Thursday, February 28, 2013

Daily Painting Practice - Boat on the lake - sizing it up

Here I go again.

Taking the color  study and  up sizing it to a larger  canvas. Unlike the last painting, I am not using pastel pencil to mark the grid lines. Instead I am using a  method to grid the  painting without leaving a mark.
 I used  white thread. If you look closely, you can see the fine line of thread. I measured and marked the sides.

 Then taped the thread on the back.
The canvas is 18"x24". I divided it in thirds. I put the horizon line right on the bottom third transfer line.
I am trying to decide where to place the sail boat In the original color study the  boat is more to the left.  First I was thinking of moving it to exactly where the  grid lines cross, but I think moving it farther to the left  opens the painting up a bit.  Now, I have two boats in the water.
 I begin blocking in some tone and color, keeping the paint very thin, almost like watercolor.
 I am concentrating on the sky, trying to keep my colors  clean and fresh. For me, this means trying not to overwork the brush strokes. I placed a dot of white to check the placement of the sail again.  It needs to move to the left. 
 Here you can see how thin I am keeping the paint. Also, I am trying to keep lots of color in the white clouds; purples, oranges, warm and cool grays and yellows.
 I think the sky is coming along. The clouds have a nice rhythm and work their way back towards the horizon.  Next, I'll work on the distant shoreline and start on the trees.

Saturday, February 23, 2013

Daily Painting Practice - Maine Seascape -almost there

I thought I would Post the progress of the large version.

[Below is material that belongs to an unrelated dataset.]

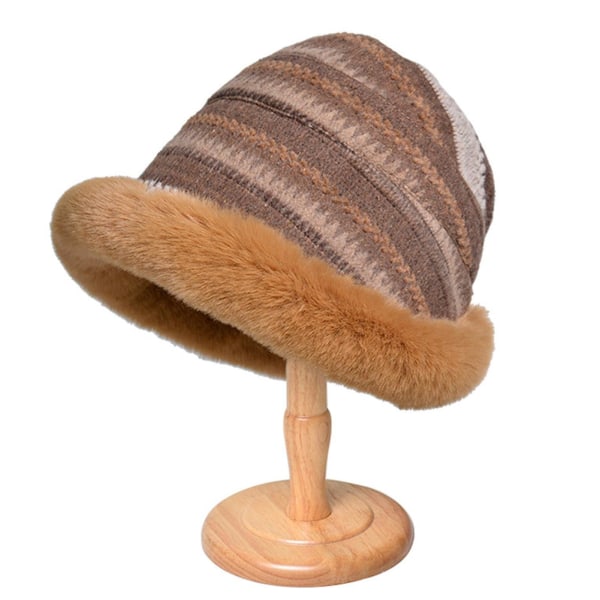 Fluffig Hinkhatt Tjock Mjuk Mode Fiskehatt Mode Hinkhatt Varm Vinter Fiskehatt Beanie Utomhus Vinterhatt för Flickor Kvinnor (A) A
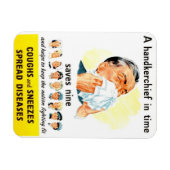 咳とくしゃみが広がる病気の磁石 マグネット (横)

The canvas is 36"x48". Originally I was going to do a landscape on this canvas but the sea waits for no man.
I made a grid  on the original using a pastel so it can be removed. I scaled up the grid on the  large canvas and roughed in the main darks and lights and used a cool midtone to cover the orange. 
 If  you look close, you can see the grid marks. I originally wanted to  complete each section ( sky, middle ground, center of interest, rocks, then foreground.) I held out a little while but somewhere along the way I got  caught up in just painting and feeling my through the scene.
 In these last two I worked mostly on the sky.
With the sky close to what I wanted  I moved to the middle ground and  the center of interest. I originally liked the wave on the right side, but as she who must not be named commented, I was after more power and not such a calm sea. So I began to fiddle with the idea.
 The sea on the left side looks right but the  perspective is not what I want on the right hand side. Also the white foam in the foreground is bothering me... It draws too much attention from the main event and is just a spot. It does not help lead the eye to the center.
 I am still struggling with the background on the right side. But the rocks and the action of the water in the middle are working much better. Painting foam is fun. However, too much white can make it look very pasty and kill the life of the painting. So be sure to vary the color of the foam.
 I am very close here and should have taken a break. It would have been a good time to sit back and review... I really like the right side now.... but
 I fiddled with it a bit too much... Oh well, better leave it for now and work on something else.
I am almost there. Oh, and I will need a good title.

Monday, February 18, 2013

Daily Painting Practice - turn overs another way to generate ideas

This a seascape at night. A painting by Frederick Waugh. I wonder where he  came up with his idea?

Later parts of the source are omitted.